**DATA EXCERPT**
▼▼▼

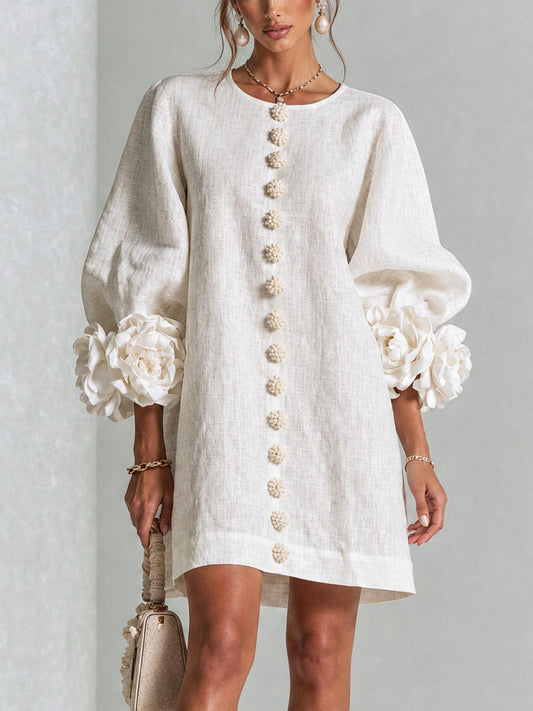 Mini vestido de lino premium blanco de Cero Love Studio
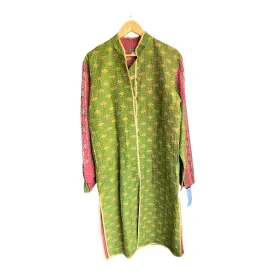 Frangipani Cotton Green and Burgundy Multi-Coloured Long Sleeved Coat UK Size Medium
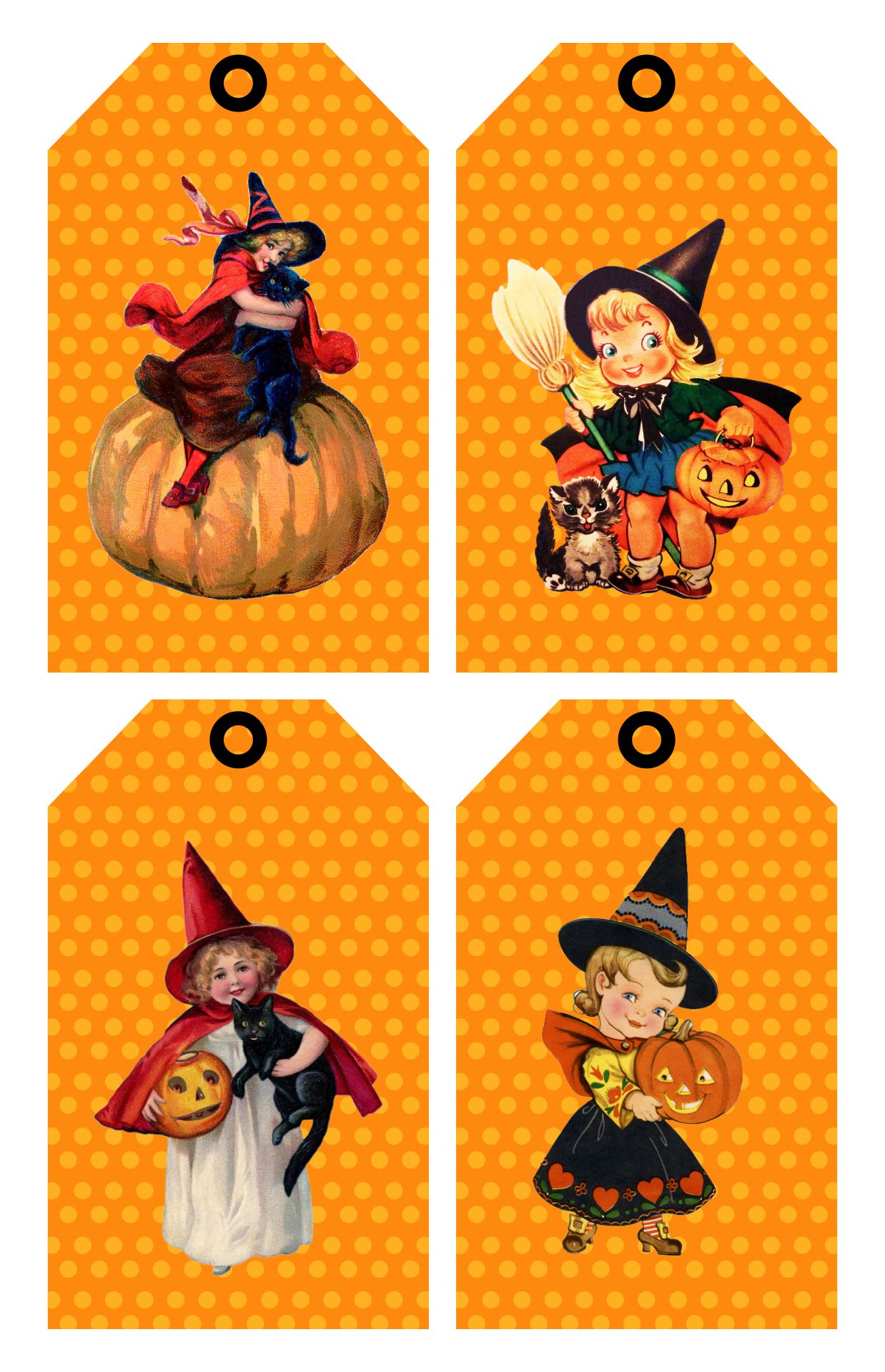 Vintage Halloween Tags Journal Lines Witch Pumpkin Cute Printable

▲▲▲

**EXERCISE BRIEF**
Every line of the listing above is to be set down verbatim, without the pictures.

**REPLY**
 Mini vestido de lino premium blanco de Cero Love Studio
 Frangipani Cotton Green and Burgundy Multi-Coloured Long Sleeved Coat UK Size Medium
 Vintage Halloween Tags Journal Lines Witch Pumpkin Cute Printable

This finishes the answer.